Mayor of Sunshine Coast Region
- In office 28 April 2012 – 16 March 2024
- Preceded by: Bob Abbot
- Succeeded by: Rosanna Natoli

Personal details
- Party: Independent
- Alma mater: University of Southern Queensland Australian Institute of Company Directors
- Website: markjamieson.com.au

= Mark Jamieson (politician) =

Australian politician and former business executive

Mark Jamieson is an Australian politician and former business executive who served as the mayor of the Sunshine Coast Region, the ninth most-populous local government area in Australia, and fifth most-populous in Queensland. He has also served as President of the Local Government Association of Queensland, director of the South-East Queensland Council of Mayors and as a director of the Australian Local Government Association since 2016.

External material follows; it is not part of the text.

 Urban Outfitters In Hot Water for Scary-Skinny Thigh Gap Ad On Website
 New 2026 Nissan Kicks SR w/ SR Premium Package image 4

Jamieson was first elected in April 2012 with 31.93% of the primary vote, placing first in a field of 8 candidates. He retained office in 2016 with 61.90% of the vote, and was elected for the third time at the local government elections held in 2020, winning 49.48%.

Jamieson announced in November 2023 that he would not be recontesting the position at the 2024 Queensland local elections. He was succeeded by television presenter Rosanna Natoli.

Prior to his election to the mayoralty, Jamieson served in various senior executive positions, including as CEO of Australia-New Zealand publishing company APN News & Media. Jamieson is a graduate of the Australian Institute of Company Directors.